Only by people with a simplistic understanding of the inter-war period. Weimar Germany did not descend into chaos but the German economy did once the impact of the Wall Street Crash and the ensuing World Economic Depression hit Germany. There was not much wrong with the system but the attitude of the so-called democratic parties operating within it.

From the perspective of 1928 conditions existed for an improving economic outlook in Germany (Dawes Plan etc), co-operation by Weimar leaders enabling the negotiating away of the harsher terms of Versailles (Stresemann and fulfillment), German entry in the League of Nations, the Kellogg-Briand pact, only 12 Nazis in the Reichstag etc etc.

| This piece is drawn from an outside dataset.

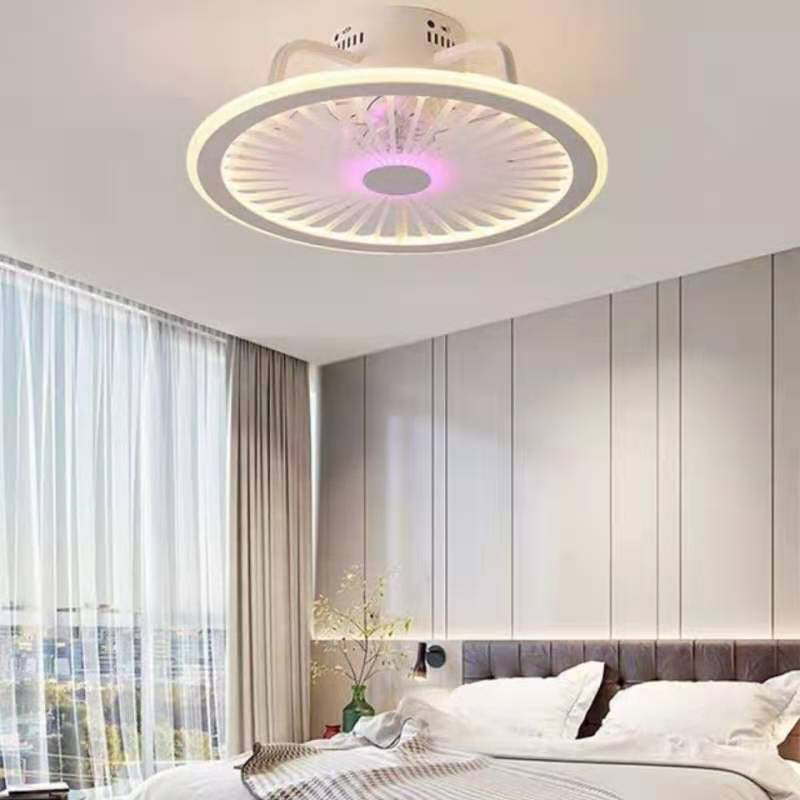 Weiße radförmige Spülenhalterende Deckenventilator Leichte Nordische Acryl -LED -Halbflush -Licht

Hitler did not come to power through promising to tear up the Treaty of Versailles or persecute the Jews but because German voters turned to extremes in the economic whirlwind which struck Germany. Hitler promised simplistic hope and promise for a better future. Obviously when he came to power (by democratic means initially) he used the levers of power to rip up Versailles clauses which Britiain and France were unwilling to fight for as they had gone their separate ways post-1919, thought were unenforceable and, in Britain's case, were guilty above their predecessors designing them in the first place, abhorred the prospect of another war. No World Economic Depression and it is feasible that the following would have happened by international agreement - end of a DMZ in the Rhineland and ending a ban on a possible anscluss - both of which contradicted principles of national self-determination. Some German re-armament would have been allowed as democratic German would year on year be leaving the Wilhelmine state behind. True the problems of the Polish corridor and the Sudetenland would have remained but would not have been the casus belli for a new war in Europe.